As 2009 opened, three weeks before Barack Obama took office, the Dow Jones Industrial Average closed at 9034 on January 2, its highest level since the autumn panic. Yesterday the Dow fell another 4.24% to 6763, for an overall decline of 25% in two months and to its lowest level since 1997. The dismaying message here is that President Obama’s policies have become part of the economy’s problem.
Americans have welcomed the Obama era in the same spirit of hope the President campaigned on. But after five weeks in office, it’s become clear that Mr. Obama’s policies are slowing, if not stopping, what would otherwise be the normal process of economic recovery. From punishing business to squandering scarce national public resources, Team Obama is creating more uncertainty and less confidence — and thus a longer period of recession or subpar growth.
The Democrats who now run Washington don’t want to hear this, because they benefit from blaming all bad economic news on President Bush.
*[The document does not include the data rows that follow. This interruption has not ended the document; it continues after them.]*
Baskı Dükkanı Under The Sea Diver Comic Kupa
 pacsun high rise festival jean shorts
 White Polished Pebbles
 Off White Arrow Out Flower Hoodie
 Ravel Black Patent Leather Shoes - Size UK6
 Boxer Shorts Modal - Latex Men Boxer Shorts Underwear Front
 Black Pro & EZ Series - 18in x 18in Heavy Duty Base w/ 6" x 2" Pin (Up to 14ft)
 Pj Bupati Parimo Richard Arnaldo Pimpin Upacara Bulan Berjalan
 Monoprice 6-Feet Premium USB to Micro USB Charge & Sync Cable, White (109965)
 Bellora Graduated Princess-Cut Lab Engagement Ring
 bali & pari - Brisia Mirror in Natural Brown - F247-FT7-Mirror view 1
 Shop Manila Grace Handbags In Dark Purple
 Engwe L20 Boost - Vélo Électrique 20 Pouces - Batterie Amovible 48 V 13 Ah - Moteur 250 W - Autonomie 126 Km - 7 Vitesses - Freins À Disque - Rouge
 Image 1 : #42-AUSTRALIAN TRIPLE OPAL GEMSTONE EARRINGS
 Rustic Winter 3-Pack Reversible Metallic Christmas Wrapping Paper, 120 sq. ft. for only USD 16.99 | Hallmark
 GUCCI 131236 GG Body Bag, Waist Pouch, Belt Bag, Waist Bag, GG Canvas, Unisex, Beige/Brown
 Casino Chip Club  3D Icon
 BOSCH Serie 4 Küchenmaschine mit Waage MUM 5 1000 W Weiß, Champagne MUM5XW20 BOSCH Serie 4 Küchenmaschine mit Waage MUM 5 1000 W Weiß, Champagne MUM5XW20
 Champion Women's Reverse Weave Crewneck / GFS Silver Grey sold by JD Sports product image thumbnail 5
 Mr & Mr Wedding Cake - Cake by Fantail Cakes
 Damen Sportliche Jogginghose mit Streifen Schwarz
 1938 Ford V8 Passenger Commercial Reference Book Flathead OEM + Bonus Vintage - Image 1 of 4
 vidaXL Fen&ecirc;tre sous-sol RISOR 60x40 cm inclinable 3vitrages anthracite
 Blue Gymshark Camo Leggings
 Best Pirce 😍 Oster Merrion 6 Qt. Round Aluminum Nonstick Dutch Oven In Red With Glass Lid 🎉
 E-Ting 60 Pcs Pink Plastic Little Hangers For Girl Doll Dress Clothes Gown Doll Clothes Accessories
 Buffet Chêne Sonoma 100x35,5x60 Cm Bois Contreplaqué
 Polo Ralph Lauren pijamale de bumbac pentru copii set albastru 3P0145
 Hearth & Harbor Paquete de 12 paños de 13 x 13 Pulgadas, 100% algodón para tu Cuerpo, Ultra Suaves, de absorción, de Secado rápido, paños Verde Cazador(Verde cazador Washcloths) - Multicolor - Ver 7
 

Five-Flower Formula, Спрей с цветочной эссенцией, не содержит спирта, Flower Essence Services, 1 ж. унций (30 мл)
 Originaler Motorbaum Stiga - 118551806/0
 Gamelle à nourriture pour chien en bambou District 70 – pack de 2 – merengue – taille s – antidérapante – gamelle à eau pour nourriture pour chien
And Mr. Obama has inherited an unusual recession deepened by credit problems, both of which will take time to climb out of. But it’s also true that the economy has fallen far enough, and long enough, that much of the excess that led to recession is being worked off. Already 15 months old, the current recession will soon match the average length — and average job loss — of the last three postwar downturns. What goes down will come up — unless destructive policies interfere with the sources of potential recovery.
And those sources have been forming for some time. The price of oil and other commodities have fallen by two-thirds since their 2008 summer peak, which has the effect of a major tax cut. The world is awash in liquidity, thanks to monetary ease by the Federal Reserve and other central banks. Monetary policy operates with a lag, but last year’s easing will eventually stir economic activity.
Housing prices have fallen 27% from their Case-Shiller peak, or some two-thirds of the way back to their historical trend. While still high, credit spreads are far from their peaks during the panic, and corporate borrowers are again able to tap the credit markets. As equities were signaling with their late 2008 rally and January top, growth should under normal circumstances begin to appear in the second half of this year.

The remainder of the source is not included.